*AIM OF THE EXERCISE*.
Output the lines of the records from the one containing "当32岁杨紫和42岁孙俪站在一起，我才彻底明白，气质远胜于美貌" through the last, both ends included. Leave pictures out.

[Data items]
▼
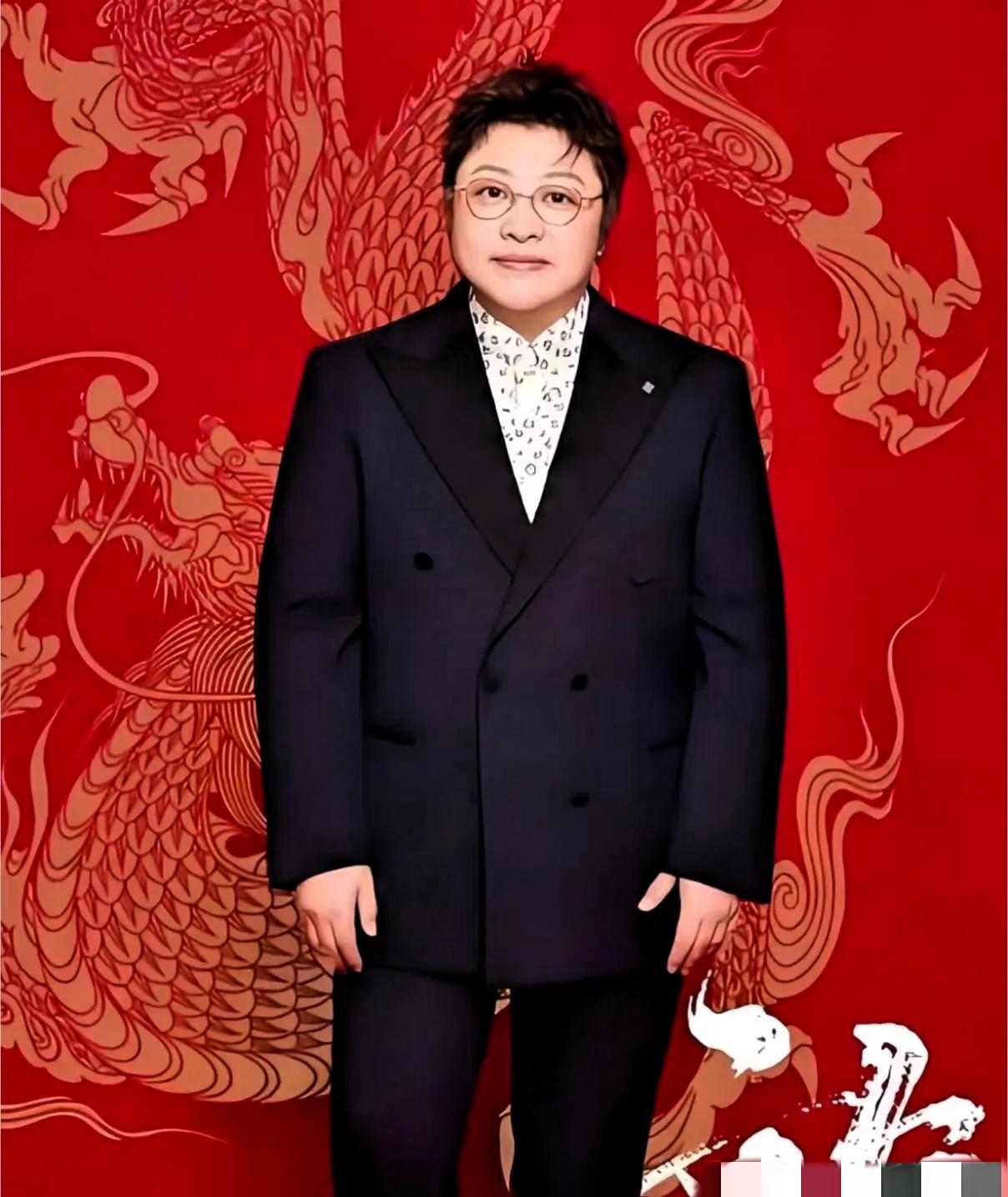 韩红抗压能力太强了舆论发酵就发酵她带着4000万直接去了呼和浩特，开启第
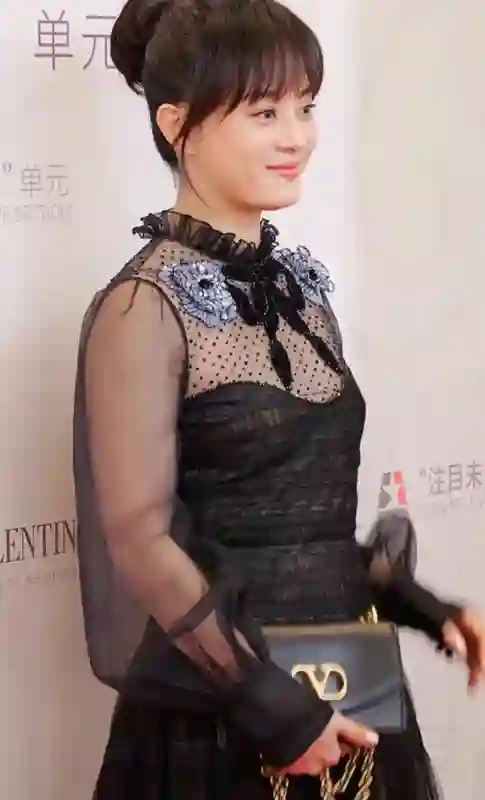 当32岁杨紫和42岁孙俪站在一起，我才彻底明白，气质远胜于美貌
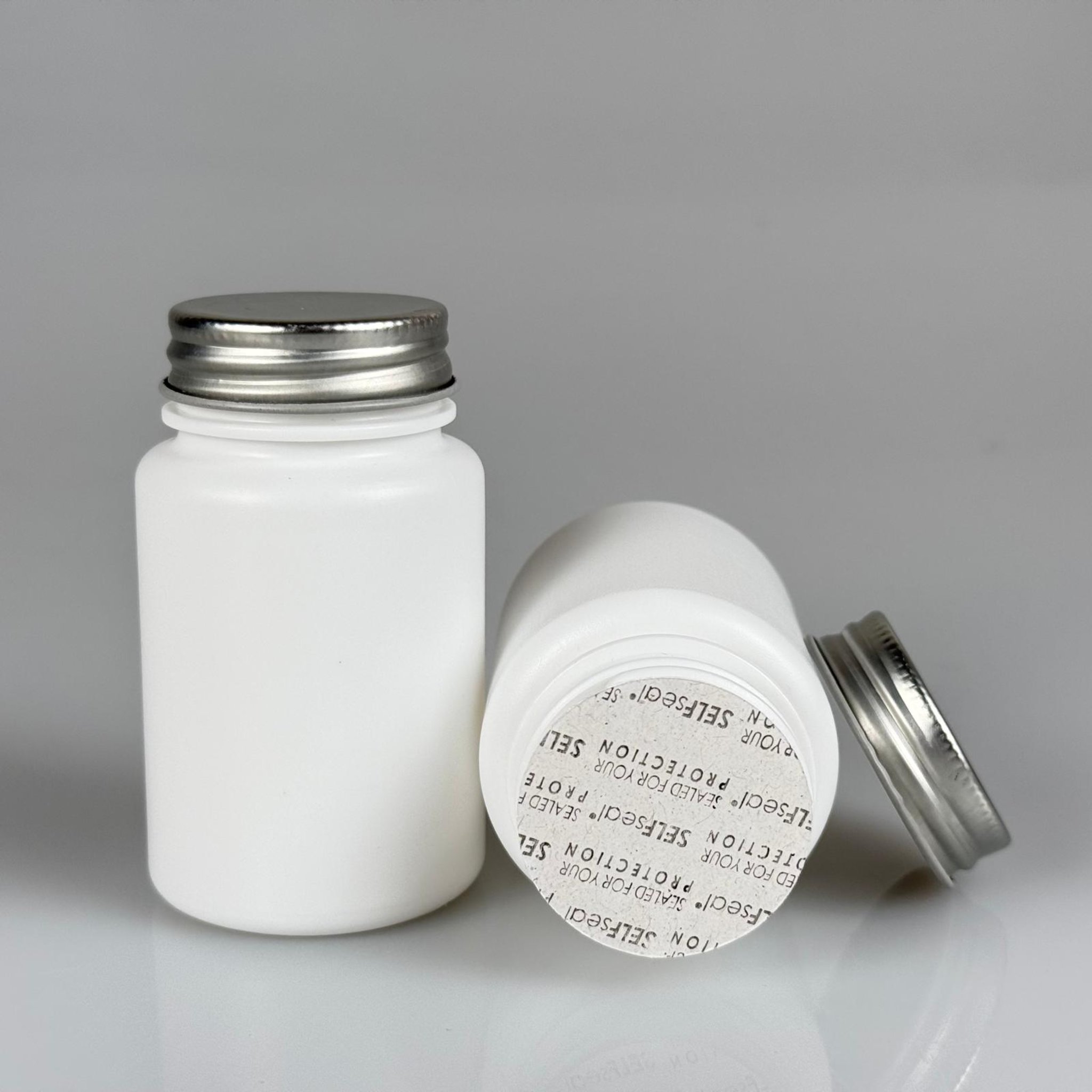 100 CC BEYAZ SERT POLİETİLEN ŞİŞE + GÜMÜŞ METAL KAPAKLI + KENDİNDEN YAPIŞKANLI KÖPÜK CONTALI - 100 ML POLİETİLEN ŞİŞE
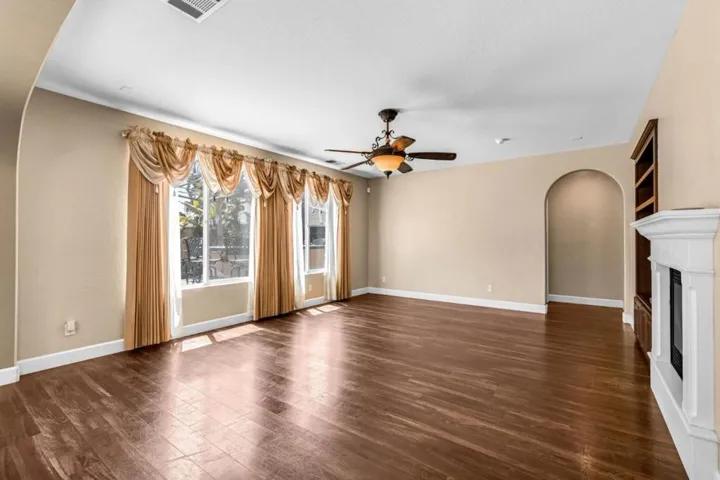 7113 E Garland Avenue, Fresno, California 93737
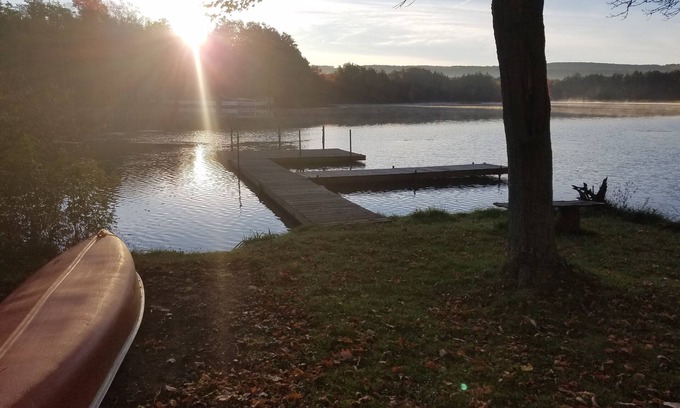 Bradford Cabaña | Heron Hideaway: Lamoka Cottage w / Private 3/4 Acre Lot, 135 'Flat Lakefront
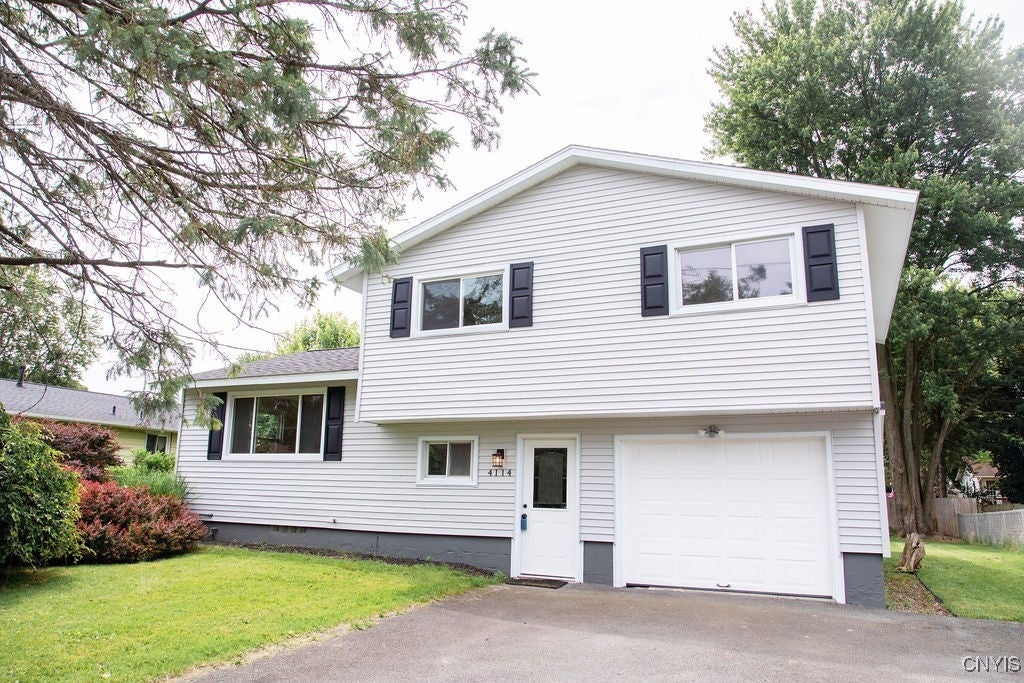 Photo of Listing #S1615033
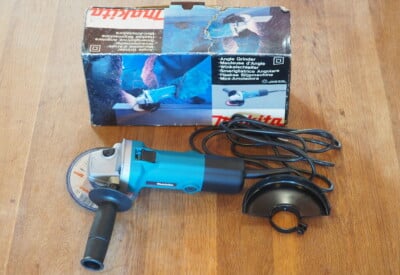 Location Meuleuse disqueuse électrique Makita à Mûres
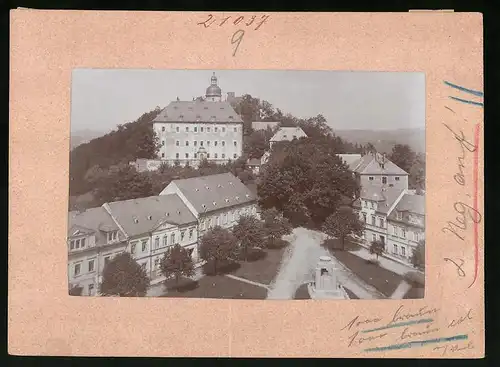 Fotografie Brück & Sohn Meissen, Ansicht Frauenstein i. Erzg., Blick auf den Ort mit Denkmal und Schloss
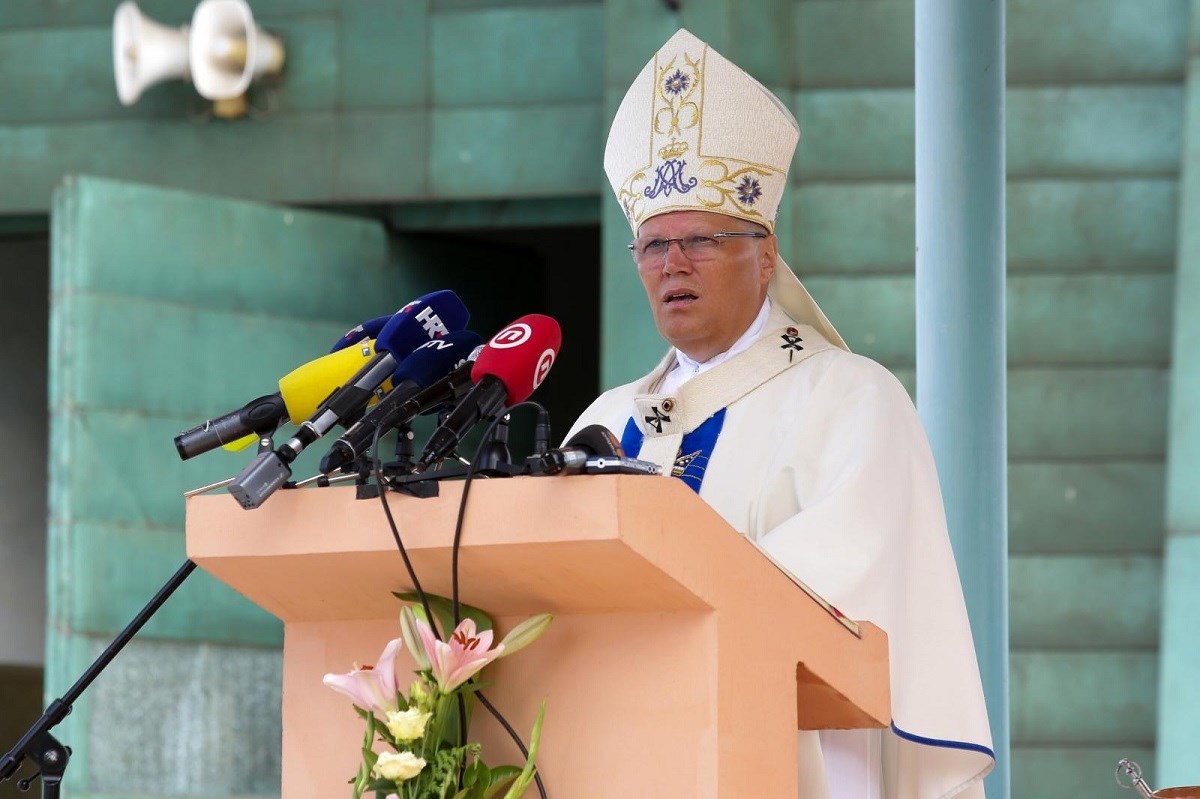 Nadbiskup Hranić poslao poruku vjernicima oko Dana sjećanja na Vukovar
▲
*YOUR RESPONSE*.
 当32岁杨紫和42岁孙俪站在一起，我才彻底明白，气质远胜于美貌
 100 CC BEYAZ SERT POLİETİLEN ŞİŞE + GÜMÜŞ METAL KAPAKLI + KENDİNDEN YAPIŞKANLI KÖPÜK CONTALI - 100 ML POLİETİLEN ŞİŞE
 7113 E Garland Avenue, Fresno, California 93737
 Bradford Cabaña | Heron Hideaway: Lamoka Cottage w / Private 3/4 Acre Lot, 135 'Flat Lakefront
 Photo of Listing #S1615033
 Location Meuleuse disqueuse électrique Makita à Mûres
 Fotografie Brück & Sohn Meissen, Ansicht Frauenstein i. Erzg., Blick auf den Ort mit Denkmal und Schloss
 Nadbiskup Hranić poslao poruku vjernicima oko Dana sjećanja na Vukovar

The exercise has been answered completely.